Natural Language Inference and the Dataset

:label:sec_natural-language-inference-and-dataset

In :numref:sec_sentiment, we discussed the problem of sentiment analysis. This task aims to classify a single text sequence into predefined categories, such as a set of sentiment polarities. However, when there is a need to decide whether one sentence can be inferred form another, or eliminate redundancy by identifying sentences that are semantically equivalent, knowing how to classify one text sequence is insufficient. Instead, we need to be able to reason over pairs of text sequences.

Natural Language Inference

Natural language inference studies whether a hypothesis can be inferred from a premise, where both are a text sequence. In other words, natural language inference determines the logical relationship between a pair of text sequences. Such relationships usually fall into three types:

  • Entailment: the hypothesis can be inferred from the premise.
  • Contradiction: the negation of the hypothesis can be inferred from the premise.
  • Neutral: all the other cases.

Natural language inference is also known as the recognizing textual entailment task. For example, the following pair will be labeled as entailment because “showing affection” in the hypothesis can be inferred from “hugging one another” in the premise.

Premise: Two women are hugging each other.

Hypothesis: Two women are showing affection.

The following is an example of contradiction as “running the coding example” indicates “not sleeping” rather than “sleeping”.

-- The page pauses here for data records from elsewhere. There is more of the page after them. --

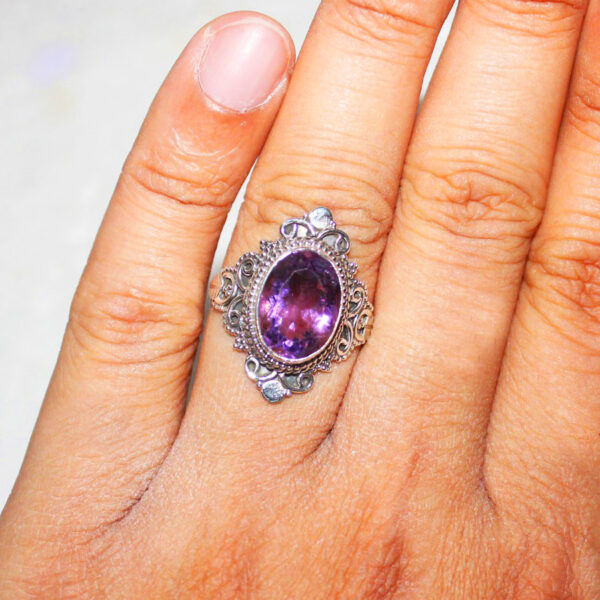 925 Sterling Silver Amethyst Ring Handmade Jewelry Gemstone Birthstone Ring hand picture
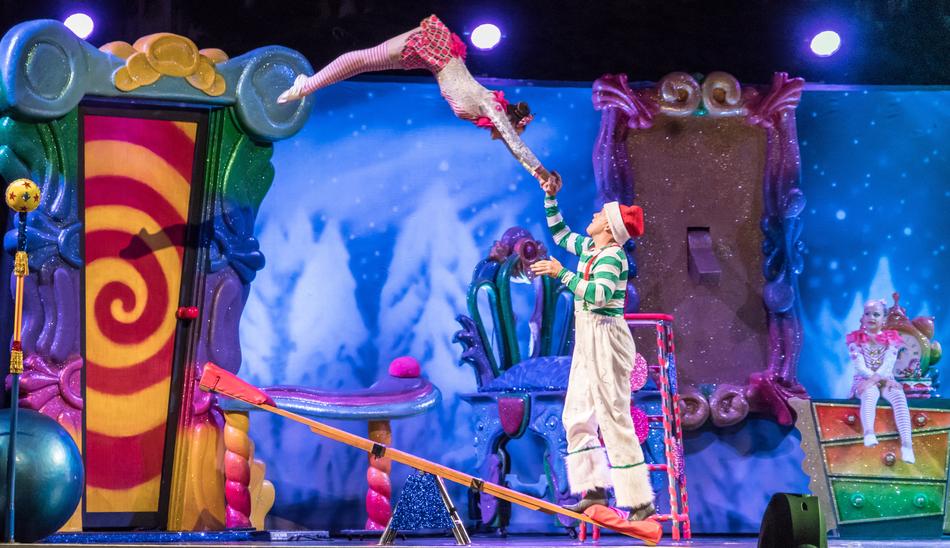 Acrobats Cirque Du Soleil performance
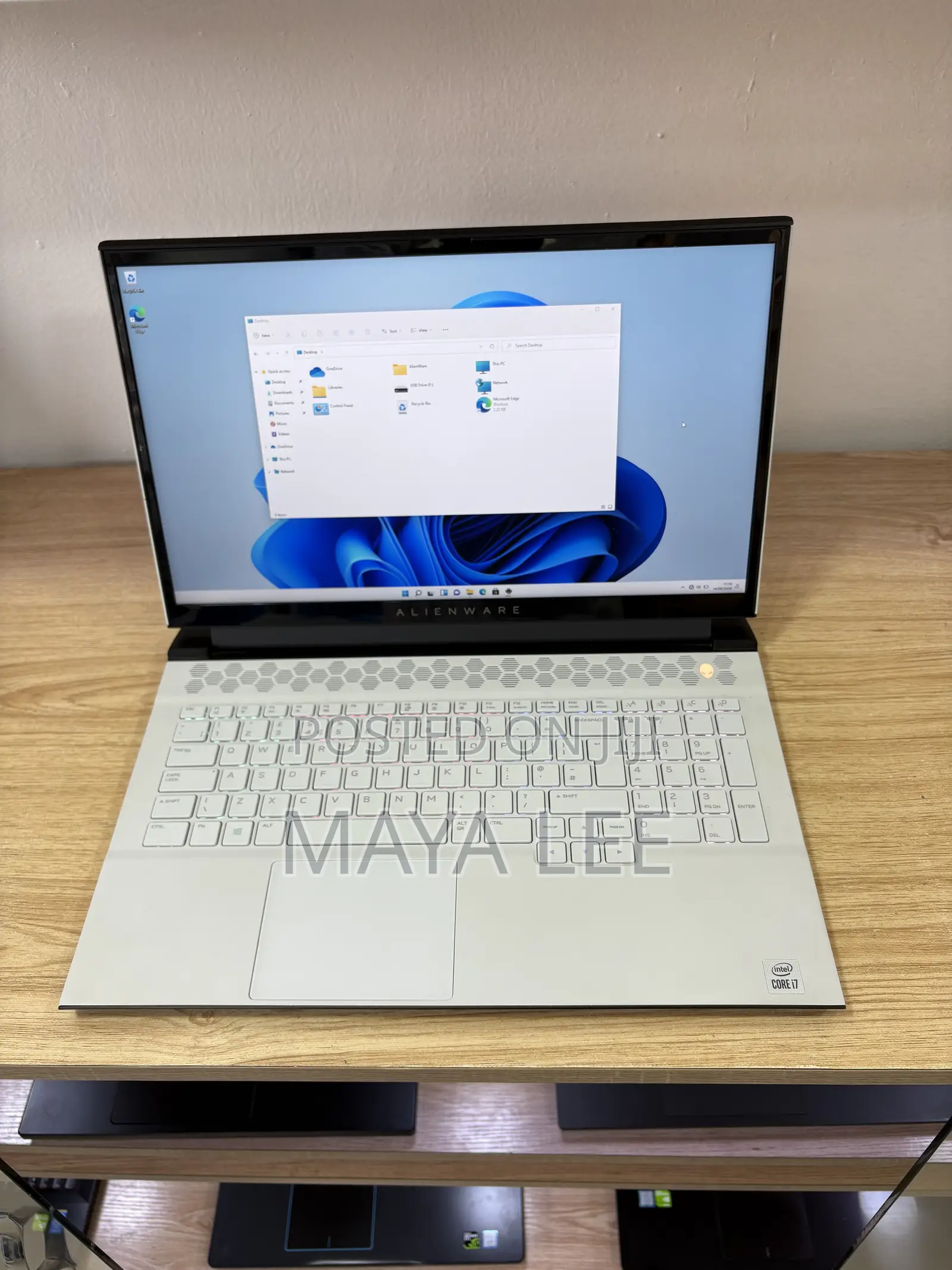 Laptop Alienware M17 R4 16GB Intel Core i7 SSD 1T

Premise: A man is running the coding example from Dive into Deep Learning.

Hypothesis: The man is sleeping.

The third example shows a neutrality relationship because neither “famous” nor “not famous” can be inferred from the fact that “are performing for us”.

Premise: The musicians are performing for us.

Hypothesis: The musicians are famous.

Natural language inference has been a central topic for understanding natural language. It enjoys wide applications ranging from information retrieval to open-domain question answering. To study this problem, we will begin by investigating a popular natural language inference benchmark dataset.

The Stanford Natural Language Inference (SNLI) Dataset

Stanford Natural Language Inference (SNLI) Corpus is a collection of over 500000 labeled English sentence pairs :cite:Bowman.Angeli.Potts.ea.2015. We download and store the extracted SNLI dataset in the path ../data/snli_1.0.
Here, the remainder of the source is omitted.